Cuts to travel funding threaten students future

Henry Dakota Miller, Guest Columnist

WSC has recently slashed travel funding for both staff and students.

These cuts prevent WSC’s students from presenting research projects at academic conferences. Decisions are made and budgets get cut, but at what cost and who suffers?

At WSC we pride ourselves on coming from working class families. Many of us work 20 to 30 hours a week on top of a full course load just to pay rent and reduce the financial burden on our families. We simply do not have the extra cash to attend conferences from our own pockets.

Here is the blunt truth: most WSC students are not competitive for graduate school without these conferences. Students who do attend such conferences are from wealthy backgrounds and elite colleges, and competitions are the equalizer.

Conferences give our best and brightest students a chance to go head-to-head with the best and brightest from across the country. In the past, we’ve often come out on top.

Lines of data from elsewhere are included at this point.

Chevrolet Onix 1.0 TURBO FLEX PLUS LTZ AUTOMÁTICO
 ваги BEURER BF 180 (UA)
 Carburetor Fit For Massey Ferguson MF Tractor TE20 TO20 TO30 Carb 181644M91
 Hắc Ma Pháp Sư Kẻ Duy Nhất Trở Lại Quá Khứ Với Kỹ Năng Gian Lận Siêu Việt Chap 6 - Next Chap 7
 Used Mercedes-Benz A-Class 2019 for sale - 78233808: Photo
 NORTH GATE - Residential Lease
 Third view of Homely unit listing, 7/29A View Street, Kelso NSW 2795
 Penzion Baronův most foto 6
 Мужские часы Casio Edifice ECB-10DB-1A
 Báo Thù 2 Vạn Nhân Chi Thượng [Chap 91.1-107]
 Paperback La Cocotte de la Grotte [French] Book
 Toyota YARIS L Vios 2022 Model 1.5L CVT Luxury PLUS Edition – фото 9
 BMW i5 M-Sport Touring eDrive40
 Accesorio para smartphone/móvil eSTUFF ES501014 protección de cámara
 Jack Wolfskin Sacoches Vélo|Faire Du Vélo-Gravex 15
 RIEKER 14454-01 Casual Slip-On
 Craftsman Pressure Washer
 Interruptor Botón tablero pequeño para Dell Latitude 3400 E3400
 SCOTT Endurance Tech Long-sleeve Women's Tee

These academic contests need funding no less than any collegiate
sports team.

As a former college athlete, I know that if we had cut funding for WSC’s track and field team there would be a riot, and without travel, the program would go under.

Academic competitions or conferences are no different.

A cut to travel funding is an assault on our current students’ futures. I’ve heard the old “sacrifices must be made” argument, but I and so many others refuse to sit back and watch an entire generation of WSC students be denied the education they were promised when enrolling in this institution just to build another complex on campus or increase administrators’ salaries, both of which have recently been done or are in process.

Students at WSC don’t want excuses and figures we want results and respect.Funds are tight, I understand, but why not give our students a shot at representing our institution. One of three sentences in WSC’s mission states:

“Offering affordable undergraduate and graduate programs, the College prepares students for careers, advanced study and civic involvement.”

Travel funding is an absolute necessity for working-class students to pursue advanced study; a cut to such funding is a complete contradiction of WSC’s promises to its students.

The students who can most afford conference travel will be fine, but that is simply not our students.

A cut to travel is a dagger in our students’ futures.